Desktop NMR for structure elucidation and identification of strychnine adulteration.

Elucidating the structure of complex molecules is difficult at low magnetic fields due to the overlap of different peak multiplets and second-order coupling effects. This is even more challenging for rigid molecules with small chemical shift differences and with prochiral centers. Since low-field NMR spectroscopy is sometimes presumed as restricted to the analysis of only small and simple molecules, this paper aims at countering this misconception: it demonstrates the use of low-field NMR spectroscopy in chemical forensics for identifying strychnine and its counterions by exploring the chemical shift as a signature in different 1D 1H and 13C experiments.

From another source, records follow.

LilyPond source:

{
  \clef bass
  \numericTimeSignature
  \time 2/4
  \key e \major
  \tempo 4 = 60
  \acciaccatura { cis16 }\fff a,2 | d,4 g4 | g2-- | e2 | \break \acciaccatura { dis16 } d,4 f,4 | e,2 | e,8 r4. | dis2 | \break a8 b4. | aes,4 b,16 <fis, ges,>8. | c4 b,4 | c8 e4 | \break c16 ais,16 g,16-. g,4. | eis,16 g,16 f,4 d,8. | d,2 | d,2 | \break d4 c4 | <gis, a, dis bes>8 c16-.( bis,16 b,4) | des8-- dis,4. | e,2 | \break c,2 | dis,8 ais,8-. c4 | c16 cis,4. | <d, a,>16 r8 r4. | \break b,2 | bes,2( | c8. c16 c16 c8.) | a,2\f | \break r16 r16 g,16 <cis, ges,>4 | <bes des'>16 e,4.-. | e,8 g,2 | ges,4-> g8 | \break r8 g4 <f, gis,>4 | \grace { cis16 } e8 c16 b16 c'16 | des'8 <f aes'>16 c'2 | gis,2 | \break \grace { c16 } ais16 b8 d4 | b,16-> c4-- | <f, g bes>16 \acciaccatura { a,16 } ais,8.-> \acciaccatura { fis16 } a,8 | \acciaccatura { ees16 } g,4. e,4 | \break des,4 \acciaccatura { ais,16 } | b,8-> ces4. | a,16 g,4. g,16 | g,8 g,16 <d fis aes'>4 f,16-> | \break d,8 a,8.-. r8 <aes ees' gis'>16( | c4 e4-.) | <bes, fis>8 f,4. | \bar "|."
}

Hereby the applied methodologies combine various 1D and 2D experiments such as 1D 1H, 13C, DEPT, and 2D COSY, HETCOR, HSQC, HMBC and J-resolved spectroscopy to elucidate the molecular structure and skeleton of strychnine at 1 Tesla. Strychnine is exemplified here, because it is a basic precursor in the chemistry of natural products and is employed as a chemical weapon and as a doping agent in sports including the Olympics. In our study, the molecular structure of the compound could be identified either with a 1D experiment at high magnetic field or with HMBC and HSQC experiments at 1 T. In conclusion, low-field NMR spectroscopy enables the chemical elucidation of the strychnine structure through a simple click with a computer mouse. In situations where a high-field NMR spectrometer is unavailable, compact NMR spectrometers can nevertheless generate knowledge of the structure, important for identifying the different chemical reaction mechanisms associated with the molecule. Desktop NMR is a cost-effective viable option in chemical forensics. It can prove adulteration and identify the origin of different strychnine salts, in particular, the strychnine free base, strychnine hemisulphate and strychnine hydrochloride. The chemical shift signatures report the chemical structure of the molecules due to the impact of the counterions on the chemical shift of the protons adjacent to the heteroatoms. This can serve as a methodology for the structure elucidation of complex molecules at lower-magnetic fields.